Messages are submitted to exchanges and queues are bound to the exchanges. You can have one to one relationships or indeed one to many.

Topics

You can submit with topics which ensures only the consumers with that specific topic receive those messages.  Subscribing to the relevant queue with the correct topic ensure that you only get messages you desire.

You can host yourself or use something like cloudAmqp.

SQS

To SNS or not to SNS

This is Amazons messaging system. Can be used in conjunctions with SNS or on it’s own. When used with SNS – SNS works as a sort of exchange and SQS as the queue.

SQS uses standard http underneath and offers a polling model for subscription. Is a little primitive in my opinion. The client libraries are also pretty basic although people are starting to build better libraries on top. With dotnet as an example though, easynetq is much more complete than any client offerings in SQS – we have had to essentially roll our own.

It’s not as sophisticated as something like RabbitMq. It’s strengths lie in it’s simplicity and it’s ability to scale, also the fact that hosting is taken care of by aws means we don’t have to worry about that side of things and also that it plays well with other AWS technologies such as lambda Dynamo db.

JMS

JMS is from the Java community and is an API specification as opposed to a protocol like AMQP. It can use a number of different protocols underneath – we use tcp in our implementation.

Coming from a dotnet background I found it a little difficult as had to consume using a c# library called NMS.

It has various implementations and the one I used was called ActiveMq. It us open source and relatively easy to install although creating and consuming messages is a little trickier.

Summary

All three options are useful depending on your needs. Rabbitmq probably has the nicest feature set but is not the easiest to get setup and started. Sqs is a better option if already using aws and I guess jms / active mq is nice for those who use Java. 

There are other options also such as Kafka but I would encourage you think if you really need the complexity of a messaging system before implementing as it does add it's own complexity.

Aws Musings

I wasn’t sure what to entitle this post – I woke this morning with a sort of an urge to write about Amazon AWS and my experiences developing applications and using its tools to this point. So I settled with the above.

I guess I have been using aws for 4 or 5 years now and have used a wide variety of the tools on offer. Initially, like a lot of people I could appreciate it’s advantages in terms of flexibility and scalability but what I realise more and more is just how it spreads beyond that.

I have been using lambda quite a bit recently and sns and sqs also. They give you great control over your costs just like ec2, autoscaling etc. Likewise dynamo dB. Balanced against that though is the old ‘with great power comes great responsibility’ Peter Parker chestnut.

It is possible to get your auto scaling wrong and end up with far too many server instances. You also have to be aware that you get charged for polling messages in sqs, long polling helps with this but it’s not default. There are many pit falls and it is worth bearing this in mind before you go too far down the AWS path. S3 costs can really mount also if you are not deleting.

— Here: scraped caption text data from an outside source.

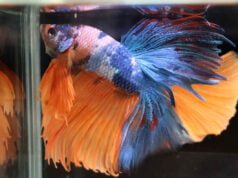 Betta Splendens Betta splendens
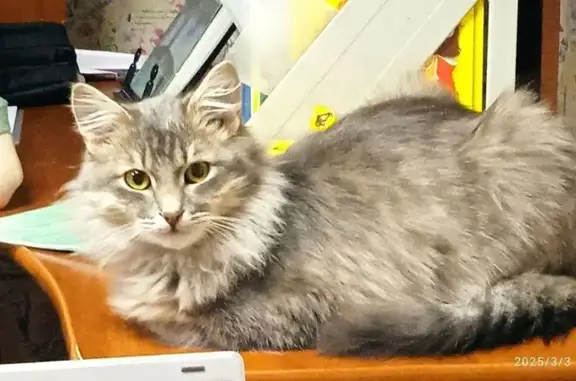 Пропала кошка, улица Чехова, 96, Агрыз - серый, пушистый, зело-желтые глаза - photo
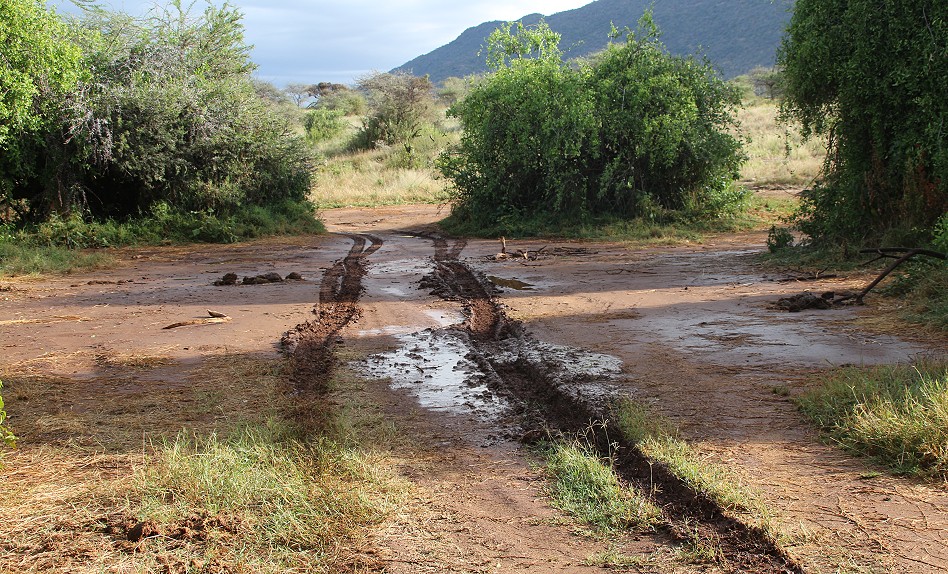 Festgefahren im Samburu Reservat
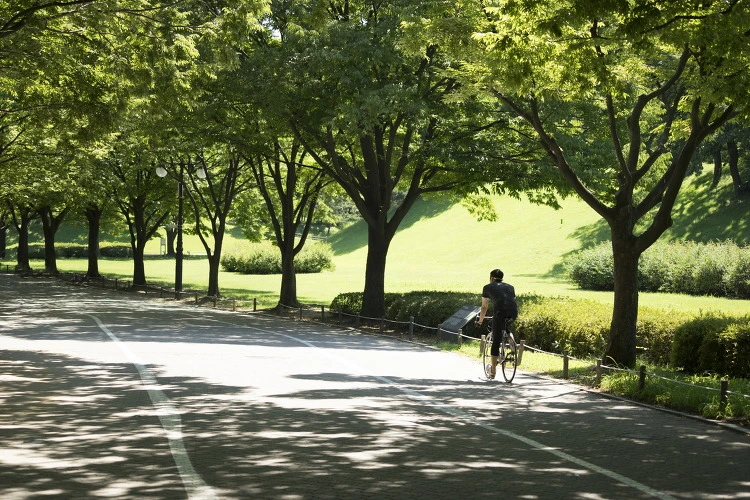 267E853F56E0065D1A3C8A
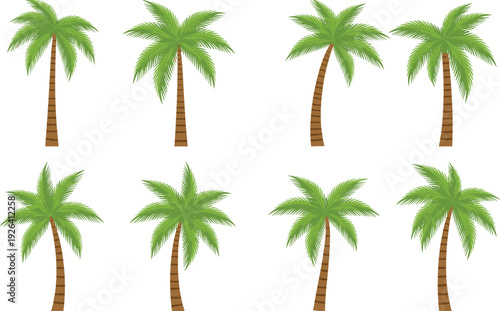 Set of various green tropical palm trees with brown trunks, exotic summer beach coconut plant icons, flat vector nature illustration,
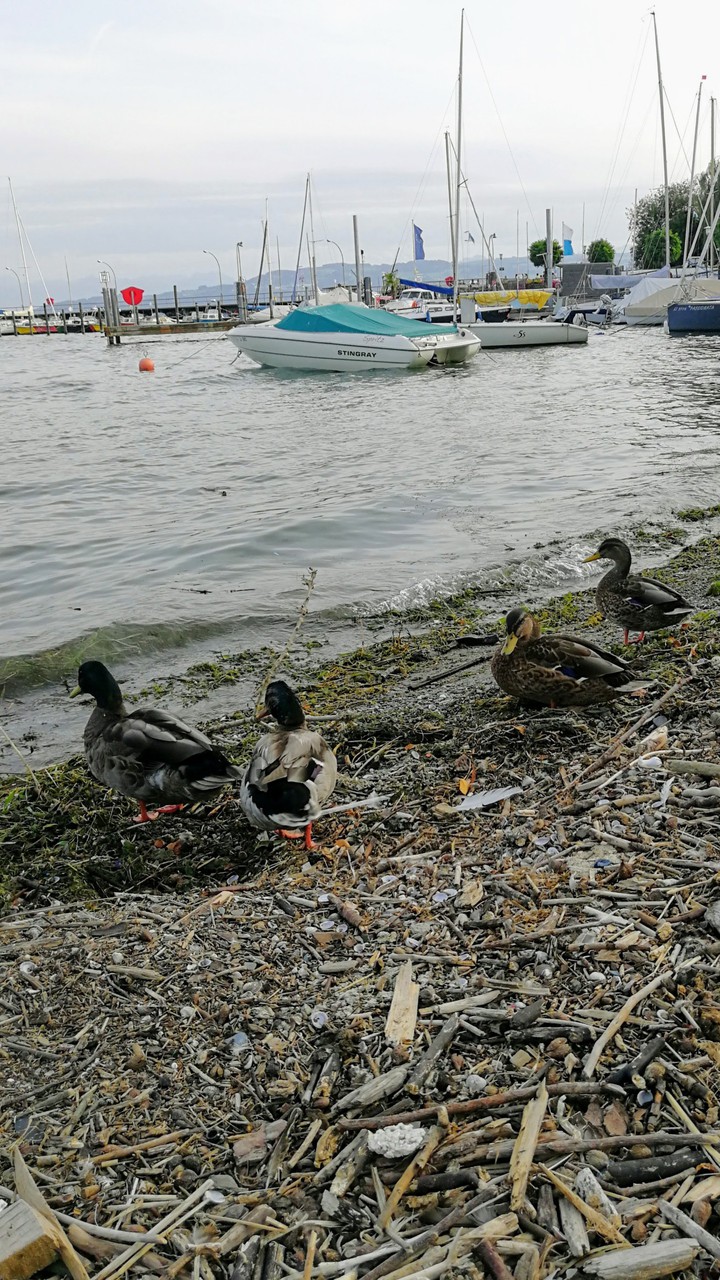 Am Bodensee in Friedrichshafen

The point is though it means developers need to be more aware of costs than before as they have direct control over that – so I think it changes your role a bit and the things you think about from day to day. I guess in the past there was still a lot of input from developers on software and infrastructure selection and it’s costs but not to the same degree.

Another thing I found or maybe not found is documentation. AWS has grown rapidly and it does appeal to our imagination in that things like lambda bring a certain amount of excitement with the thought of the possibilities but the other side is sometimes I feel like shortcuts have been taken.

Documentation is probably one of the first things to go when time is of the essence. There is a lack of it when it comes to AWS in general, particularly with some of the newer technologies.